*PROBLEM TO WORK ON*: Find the line below with "11. Guess 4G" and the line with "Pendelleuchte Markslojd POP". Output exactly those lines and everything between them, leaving out the pictures.

*DATA FOR PROCESSING*:
========================================

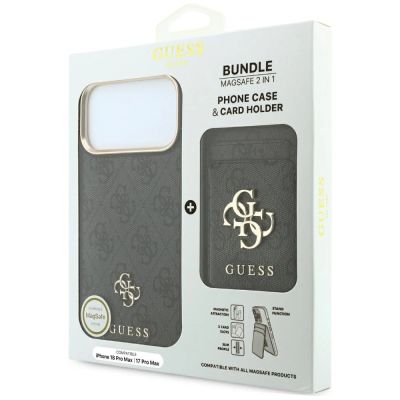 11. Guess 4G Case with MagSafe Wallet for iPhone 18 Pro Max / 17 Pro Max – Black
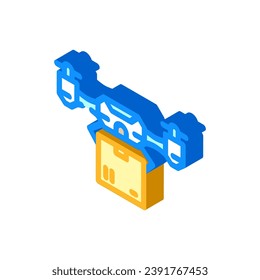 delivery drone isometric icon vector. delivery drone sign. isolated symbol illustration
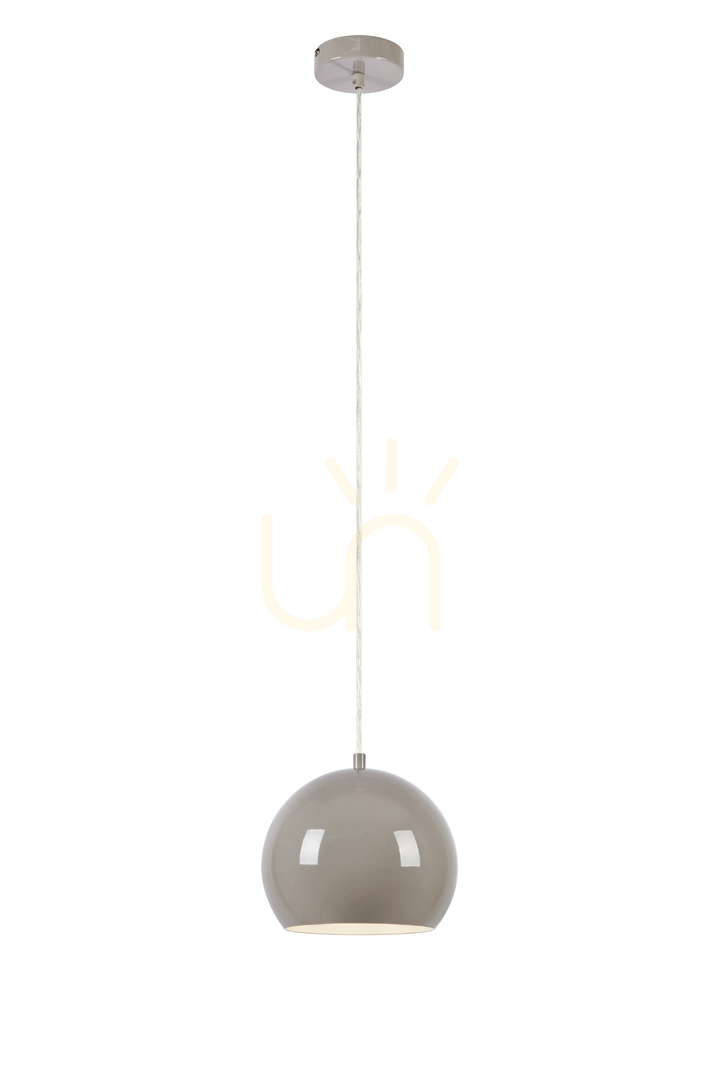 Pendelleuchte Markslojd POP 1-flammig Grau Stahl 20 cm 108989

========================================

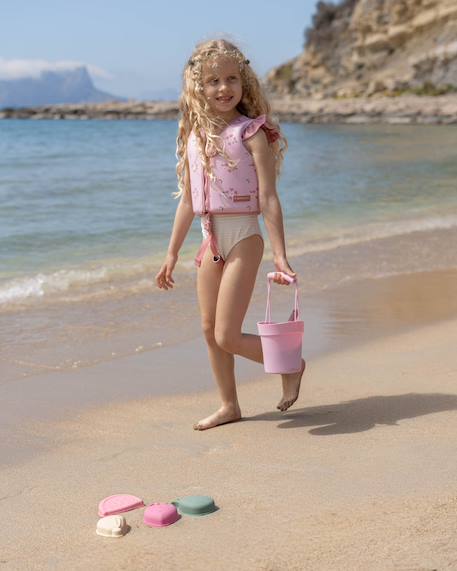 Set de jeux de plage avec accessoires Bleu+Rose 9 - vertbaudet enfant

========================================

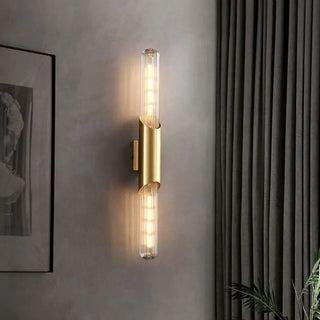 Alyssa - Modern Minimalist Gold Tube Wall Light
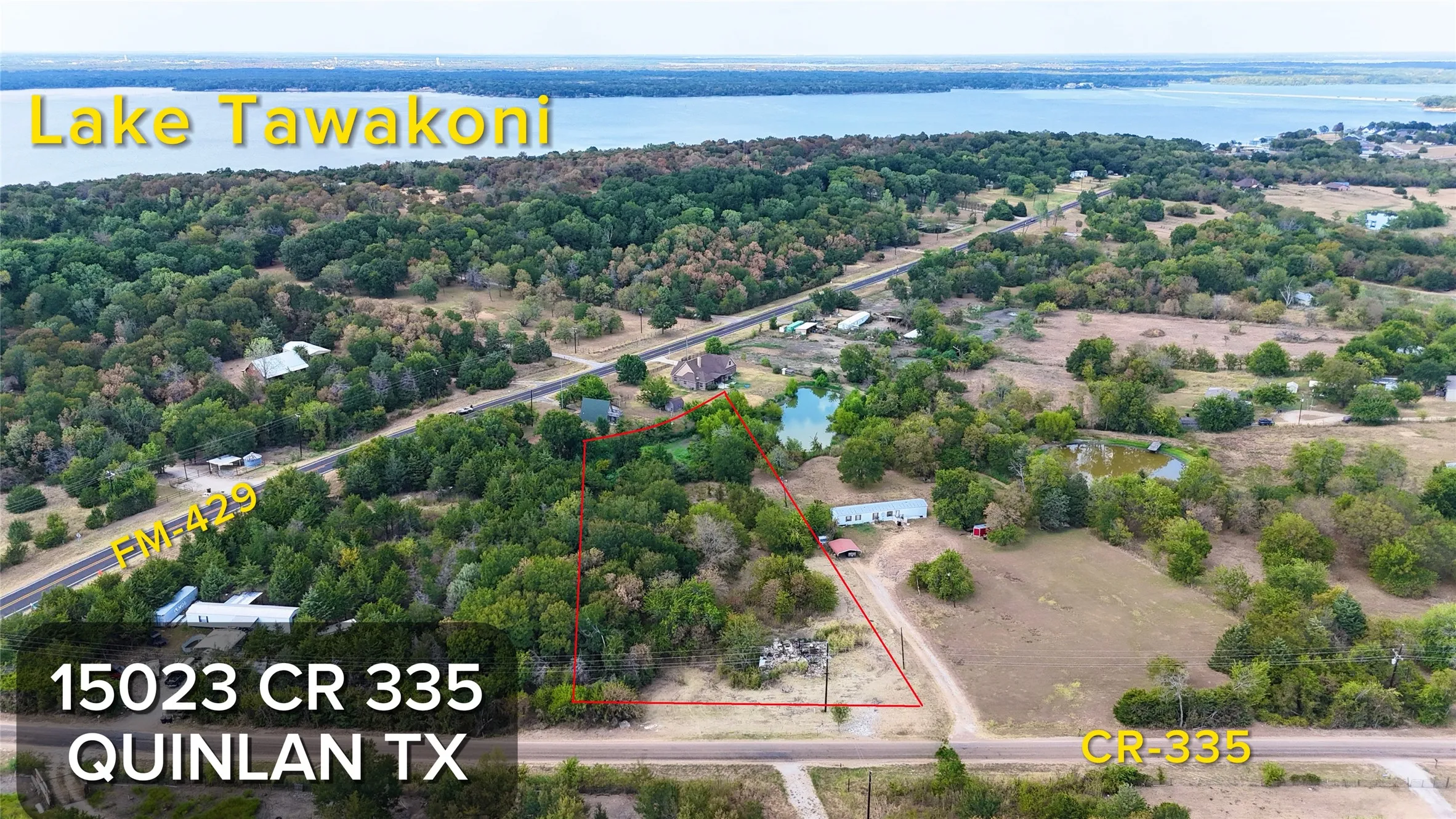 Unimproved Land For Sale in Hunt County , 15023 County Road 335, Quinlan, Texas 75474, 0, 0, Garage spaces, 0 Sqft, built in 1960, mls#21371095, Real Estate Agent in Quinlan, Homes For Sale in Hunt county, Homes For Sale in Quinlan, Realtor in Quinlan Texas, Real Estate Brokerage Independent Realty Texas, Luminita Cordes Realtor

========================================

*WRITTEN RESPONSE*:
 11. Guess 4G Case with MagSafe Wallet for iPhone 18 Pro Max / 17 Pro Max – Black
 delivery drone isometric icon vector. delivery drone sign. isolated symbol illustration
 Pendelleuchte Markslojd POP 1-flammig Grau Stahl 20 cm 108989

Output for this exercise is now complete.